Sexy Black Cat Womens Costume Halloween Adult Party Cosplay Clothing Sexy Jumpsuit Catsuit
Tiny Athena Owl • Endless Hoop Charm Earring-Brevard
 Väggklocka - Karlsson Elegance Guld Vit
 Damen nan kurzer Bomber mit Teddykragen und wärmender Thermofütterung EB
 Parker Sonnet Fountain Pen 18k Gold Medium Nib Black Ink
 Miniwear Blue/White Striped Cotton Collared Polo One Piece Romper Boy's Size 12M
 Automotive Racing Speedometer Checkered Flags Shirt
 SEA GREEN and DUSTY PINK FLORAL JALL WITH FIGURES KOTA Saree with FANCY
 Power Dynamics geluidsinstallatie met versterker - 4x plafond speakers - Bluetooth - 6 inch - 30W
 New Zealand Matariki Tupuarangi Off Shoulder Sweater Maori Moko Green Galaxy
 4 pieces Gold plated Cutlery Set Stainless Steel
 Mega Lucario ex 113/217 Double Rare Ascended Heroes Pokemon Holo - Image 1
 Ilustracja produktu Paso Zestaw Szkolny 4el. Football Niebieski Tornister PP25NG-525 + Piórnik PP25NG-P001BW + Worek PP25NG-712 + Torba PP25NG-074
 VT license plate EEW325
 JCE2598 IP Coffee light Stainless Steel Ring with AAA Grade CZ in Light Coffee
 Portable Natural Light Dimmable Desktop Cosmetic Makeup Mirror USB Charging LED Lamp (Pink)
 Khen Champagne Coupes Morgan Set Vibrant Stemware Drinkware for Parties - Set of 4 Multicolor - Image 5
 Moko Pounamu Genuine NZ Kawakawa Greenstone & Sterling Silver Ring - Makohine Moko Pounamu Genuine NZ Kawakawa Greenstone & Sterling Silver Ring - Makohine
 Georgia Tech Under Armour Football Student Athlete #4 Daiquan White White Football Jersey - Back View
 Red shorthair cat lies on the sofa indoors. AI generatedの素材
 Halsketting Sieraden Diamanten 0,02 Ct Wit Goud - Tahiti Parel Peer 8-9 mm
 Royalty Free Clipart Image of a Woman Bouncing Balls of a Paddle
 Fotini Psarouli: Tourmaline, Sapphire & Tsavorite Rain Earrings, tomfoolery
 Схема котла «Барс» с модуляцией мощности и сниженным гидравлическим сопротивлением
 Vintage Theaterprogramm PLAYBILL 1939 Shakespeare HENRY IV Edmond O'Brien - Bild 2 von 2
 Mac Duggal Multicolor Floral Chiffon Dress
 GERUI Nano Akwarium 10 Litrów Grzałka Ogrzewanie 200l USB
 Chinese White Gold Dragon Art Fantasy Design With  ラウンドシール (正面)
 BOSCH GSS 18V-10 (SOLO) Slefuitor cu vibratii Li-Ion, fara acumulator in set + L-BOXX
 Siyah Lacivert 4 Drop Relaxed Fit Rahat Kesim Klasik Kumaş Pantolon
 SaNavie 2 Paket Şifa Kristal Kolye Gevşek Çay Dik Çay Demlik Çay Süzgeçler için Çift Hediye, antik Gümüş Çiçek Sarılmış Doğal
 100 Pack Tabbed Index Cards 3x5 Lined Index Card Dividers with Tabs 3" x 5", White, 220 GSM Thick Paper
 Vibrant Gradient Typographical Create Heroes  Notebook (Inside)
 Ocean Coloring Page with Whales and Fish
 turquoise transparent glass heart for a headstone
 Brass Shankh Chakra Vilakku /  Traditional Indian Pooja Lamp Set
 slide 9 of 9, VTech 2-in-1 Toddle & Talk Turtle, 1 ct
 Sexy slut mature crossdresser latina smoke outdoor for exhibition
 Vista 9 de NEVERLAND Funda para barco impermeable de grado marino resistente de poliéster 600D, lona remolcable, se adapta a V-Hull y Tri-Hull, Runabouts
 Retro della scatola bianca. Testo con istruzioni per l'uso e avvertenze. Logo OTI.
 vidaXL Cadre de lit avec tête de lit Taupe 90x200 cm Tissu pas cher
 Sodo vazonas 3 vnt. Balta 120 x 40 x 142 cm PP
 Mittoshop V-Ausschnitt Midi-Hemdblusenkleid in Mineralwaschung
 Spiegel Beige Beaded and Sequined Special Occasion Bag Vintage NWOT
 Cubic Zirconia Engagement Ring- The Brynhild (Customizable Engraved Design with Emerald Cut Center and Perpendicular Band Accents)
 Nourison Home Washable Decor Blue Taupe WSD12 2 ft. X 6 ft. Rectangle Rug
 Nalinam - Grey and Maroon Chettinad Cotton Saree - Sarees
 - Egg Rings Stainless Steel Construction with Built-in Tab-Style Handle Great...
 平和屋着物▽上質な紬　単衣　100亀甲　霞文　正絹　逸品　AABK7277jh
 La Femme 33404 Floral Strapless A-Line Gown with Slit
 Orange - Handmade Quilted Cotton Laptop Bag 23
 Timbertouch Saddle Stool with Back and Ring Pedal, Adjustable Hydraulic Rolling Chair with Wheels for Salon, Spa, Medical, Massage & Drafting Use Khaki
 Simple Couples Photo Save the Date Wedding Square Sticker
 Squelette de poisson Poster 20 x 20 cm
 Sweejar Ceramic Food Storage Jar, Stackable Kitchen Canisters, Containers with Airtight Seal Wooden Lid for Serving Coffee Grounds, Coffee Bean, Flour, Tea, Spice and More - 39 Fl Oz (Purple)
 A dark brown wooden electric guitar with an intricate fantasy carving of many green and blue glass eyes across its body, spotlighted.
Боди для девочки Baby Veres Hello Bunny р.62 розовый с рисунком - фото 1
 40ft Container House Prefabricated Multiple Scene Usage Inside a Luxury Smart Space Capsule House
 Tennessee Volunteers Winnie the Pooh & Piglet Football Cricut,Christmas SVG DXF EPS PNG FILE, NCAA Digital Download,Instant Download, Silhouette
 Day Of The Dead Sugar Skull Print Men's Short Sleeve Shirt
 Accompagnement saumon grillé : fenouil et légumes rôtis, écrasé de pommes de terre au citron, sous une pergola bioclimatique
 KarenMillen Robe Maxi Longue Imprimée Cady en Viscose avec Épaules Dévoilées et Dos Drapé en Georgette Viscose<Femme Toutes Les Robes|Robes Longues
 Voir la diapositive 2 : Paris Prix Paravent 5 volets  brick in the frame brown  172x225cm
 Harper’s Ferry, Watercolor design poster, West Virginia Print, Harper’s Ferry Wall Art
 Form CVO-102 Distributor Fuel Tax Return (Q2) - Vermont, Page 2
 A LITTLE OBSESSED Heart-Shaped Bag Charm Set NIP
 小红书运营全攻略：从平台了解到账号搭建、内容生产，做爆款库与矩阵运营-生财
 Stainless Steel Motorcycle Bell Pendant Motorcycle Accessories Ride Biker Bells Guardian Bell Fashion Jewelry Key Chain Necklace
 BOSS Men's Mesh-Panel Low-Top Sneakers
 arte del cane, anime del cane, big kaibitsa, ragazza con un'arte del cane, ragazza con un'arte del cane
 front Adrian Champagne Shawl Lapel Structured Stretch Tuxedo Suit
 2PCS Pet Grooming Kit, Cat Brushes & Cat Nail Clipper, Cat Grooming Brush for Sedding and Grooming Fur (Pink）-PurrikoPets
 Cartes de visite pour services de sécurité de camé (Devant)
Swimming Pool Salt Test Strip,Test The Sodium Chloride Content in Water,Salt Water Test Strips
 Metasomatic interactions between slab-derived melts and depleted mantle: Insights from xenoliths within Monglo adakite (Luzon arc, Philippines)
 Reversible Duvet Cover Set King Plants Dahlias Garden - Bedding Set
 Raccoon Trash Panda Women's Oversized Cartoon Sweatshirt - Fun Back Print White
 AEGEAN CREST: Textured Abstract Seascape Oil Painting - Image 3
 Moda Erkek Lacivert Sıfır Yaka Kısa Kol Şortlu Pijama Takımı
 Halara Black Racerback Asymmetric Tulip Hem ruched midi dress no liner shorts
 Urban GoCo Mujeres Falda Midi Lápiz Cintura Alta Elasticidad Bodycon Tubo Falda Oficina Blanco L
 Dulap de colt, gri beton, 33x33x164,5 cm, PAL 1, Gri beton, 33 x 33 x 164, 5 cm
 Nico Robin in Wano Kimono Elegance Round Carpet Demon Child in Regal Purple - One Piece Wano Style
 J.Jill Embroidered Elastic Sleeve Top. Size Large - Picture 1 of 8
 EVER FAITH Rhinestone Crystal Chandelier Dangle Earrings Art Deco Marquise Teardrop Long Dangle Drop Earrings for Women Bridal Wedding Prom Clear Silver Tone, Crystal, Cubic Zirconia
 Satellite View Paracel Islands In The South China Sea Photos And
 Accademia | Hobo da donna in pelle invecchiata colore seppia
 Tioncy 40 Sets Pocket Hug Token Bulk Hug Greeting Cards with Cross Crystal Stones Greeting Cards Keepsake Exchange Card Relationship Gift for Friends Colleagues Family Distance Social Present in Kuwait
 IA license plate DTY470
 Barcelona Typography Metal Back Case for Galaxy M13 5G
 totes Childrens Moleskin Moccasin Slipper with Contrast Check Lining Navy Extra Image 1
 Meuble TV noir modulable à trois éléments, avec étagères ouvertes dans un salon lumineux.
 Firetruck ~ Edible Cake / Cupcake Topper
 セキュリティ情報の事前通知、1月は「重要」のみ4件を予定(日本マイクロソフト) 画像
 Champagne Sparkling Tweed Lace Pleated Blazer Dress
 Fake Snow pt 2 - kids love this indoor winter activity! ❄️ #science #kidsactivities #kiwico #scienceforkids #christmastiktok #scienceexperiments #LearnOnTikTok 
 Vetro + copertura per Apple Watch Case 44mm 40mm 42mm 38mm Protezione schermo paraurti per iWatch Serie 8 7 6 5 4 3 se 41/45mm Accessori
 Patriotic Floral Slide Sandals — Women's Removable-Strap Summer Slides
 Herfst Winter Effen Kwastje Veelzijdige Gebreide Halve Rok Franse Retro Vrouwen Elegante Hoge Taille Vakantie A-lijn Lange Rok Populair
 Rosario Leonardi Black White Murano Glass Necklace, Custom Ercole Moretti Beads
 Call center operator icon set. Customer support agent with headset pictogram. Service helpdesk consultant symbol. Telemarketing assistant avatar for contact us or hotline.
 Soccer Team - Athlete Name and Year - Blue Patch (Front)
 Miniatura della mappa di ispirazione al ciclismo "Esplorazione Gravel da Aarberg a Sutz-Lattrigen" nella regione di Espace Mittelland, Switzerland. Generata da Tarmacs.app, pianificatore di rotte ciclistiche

◆ DESCRIPTION OF THE TASK ◆
From the listing above, repeat exactly the lines starting at the line that includes "Metasomatic interactions between" and ending at the line that includes "Reversible Duvet Cover", with nothing outside that span.

◆ EXERCISE OUTPUT ◆
 Metasomatic interactions between slab-derived melts and depleted mantle: Insights from xenoliths within Monglo adakite (Luzon arc, Philippines)
 Reversible Duvet Cover Set King Plants Dahlias Garden - Bedding Set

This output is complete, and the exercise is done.